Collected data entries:

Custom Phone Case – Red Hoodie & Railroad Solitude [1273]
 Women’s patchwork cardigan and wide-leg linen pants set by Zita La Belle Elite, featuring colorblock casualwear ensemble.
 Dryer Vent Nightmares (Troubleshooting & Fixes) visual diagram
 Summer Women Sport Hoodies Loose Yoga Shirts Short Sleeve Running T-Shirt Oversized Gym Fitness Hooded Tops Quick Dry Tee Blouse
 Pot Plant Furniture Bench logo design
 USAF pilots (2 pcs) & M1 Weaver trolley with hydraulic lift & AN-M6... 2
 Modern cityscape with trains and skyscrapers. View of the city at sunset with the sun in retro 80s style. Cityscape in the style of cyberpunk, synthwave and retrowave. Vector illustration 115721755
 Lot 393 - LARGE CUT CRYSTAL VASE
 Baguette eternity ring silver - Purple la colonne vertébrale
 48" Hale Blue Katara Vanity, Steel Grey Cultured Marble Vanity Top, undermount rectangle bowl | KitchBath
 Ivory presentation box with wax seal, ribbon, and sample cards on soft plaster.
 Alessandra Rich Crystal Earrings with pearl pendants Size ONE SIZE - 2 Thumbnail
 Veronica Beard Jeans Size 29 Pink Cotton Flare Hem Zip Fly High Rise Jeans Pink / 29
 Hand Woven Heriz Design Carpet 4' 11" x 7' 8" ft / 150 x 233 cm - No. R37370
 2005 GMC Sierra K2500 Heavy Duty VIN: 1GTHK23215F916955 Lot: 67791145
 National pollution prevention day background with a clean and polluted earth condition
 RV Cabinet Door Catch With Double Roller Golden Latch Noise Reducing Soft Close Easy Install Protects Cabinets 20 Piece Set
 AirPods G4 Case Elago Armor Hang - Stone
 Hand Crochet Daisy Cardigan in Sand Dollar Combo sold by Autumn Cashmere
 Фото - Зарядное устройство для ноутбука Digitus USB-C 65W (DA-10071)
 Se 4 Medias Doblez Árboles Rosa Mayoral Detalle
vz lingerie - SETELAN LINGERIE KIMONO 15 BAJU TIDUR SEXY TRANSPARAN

→ **Work to be completed**:
Please return the lines above that run from the line containing "Women’s patchwork cardigan" to the line containing "Pot Plant Furniture Bench logo design", inclusive, exactly and with no other lines.

→ **Response for this exercise**:
 Women’s patchwork cardigan and wide-leg linen pants set by Zita La Belle Elite, featuring colorblock casualwear ensemble.
 Dryer Vent Nightmares (Troubleshooting & Fixes) visual diagram
 Summer Women Sport Hoodies Loose Yoga Shirts Short Sleeve Running T-Shirt Oversized Gym Fitness Hooded Tops Quick Dry Tee Blouse
 Pot Plant Furniture Bench logo design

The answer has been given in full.